There was really no discussion needed on those days, as the destination was usually the same – Snead Island Crab House. After paddling all that way, we’d eagerly stock up on candy bars and soda, the perfect treats to recharge our energy before the journey back. We’d giggle over the merchandise - hats that read, “we’ve had crabs for 20 years and still got ‘em!" It was always a challenge to get there and back before the 3 p.m. thunderstorms rolled in, but the journey was always worth the risk.
The Snead Island Crab House wasn’t just a place for snacks, it was a hub of camaraderie and insider information only shared among a select few of trusted locals. This wasn’t idle gossip, no siree, this was the sacred exchange of fishing intelligence, when and where the fish were biting. And not just any fish mind you – it was the elusive snook we were after. Known as the king of the inshore gamefish, snook offered an unparalleled challenge. Hooking one wasn’t just a feat, it was a battle that tested the technique of even the most skilled angler.
On fishing days when I joined my mom on her open fisherman boat, we’d stop in at the Crab House for a dual purpose, the first being to stock up on bait, my mom always received the largest and livelist shrimp, and to gather the latest scoop on the fishing scene.
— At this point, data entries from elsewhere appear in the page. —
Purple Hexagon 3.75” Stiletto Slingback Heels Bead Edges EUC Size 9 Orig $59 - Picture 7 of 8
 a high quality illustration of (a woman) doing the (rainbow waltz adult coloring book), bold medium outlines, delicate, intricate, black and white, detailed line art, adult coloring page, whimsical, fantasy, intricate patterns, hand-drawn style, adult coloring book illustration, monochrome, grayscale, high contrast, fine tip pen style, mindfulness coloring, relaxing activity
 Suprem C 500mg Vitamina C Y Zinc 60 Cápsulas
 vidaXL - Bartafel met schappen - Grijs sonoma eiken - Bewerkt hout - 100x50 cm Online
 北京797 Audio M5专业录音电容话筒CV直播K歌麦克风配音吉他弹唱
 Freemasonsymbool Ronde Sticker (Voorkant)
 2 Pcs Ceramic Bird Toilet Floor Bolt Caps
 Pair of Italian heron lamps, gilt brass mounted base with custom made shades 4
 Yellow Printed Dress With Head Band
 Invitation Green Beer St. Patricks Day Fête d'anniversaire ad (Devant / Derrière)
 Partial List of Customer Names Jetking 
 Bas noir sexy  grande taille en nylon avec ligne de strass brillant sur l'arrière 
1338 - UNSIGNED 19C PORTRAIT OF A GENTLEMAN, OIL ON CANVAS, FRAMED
It was the kind of place where community and tradition intertwined, fueling both our fishing expeditions and our connection to each other.
A couple of weeks ago, while idling by the Crab House during a boat trip, I was deeply saddened to see that the docks and baitwells were nearly destroyed by Hurricanes Helene and Milton. It brought back memories of the days that seemed straight out of the Ottis Redding song, “Sittin’ On the Dock of the Bay,” where for a brief moment, the weight of the world would lift from the shoulders of those engaged in conversation at the Snead Island Crab House. Politics and stress gave way to that familiar topic everyone knew and loved: fishing.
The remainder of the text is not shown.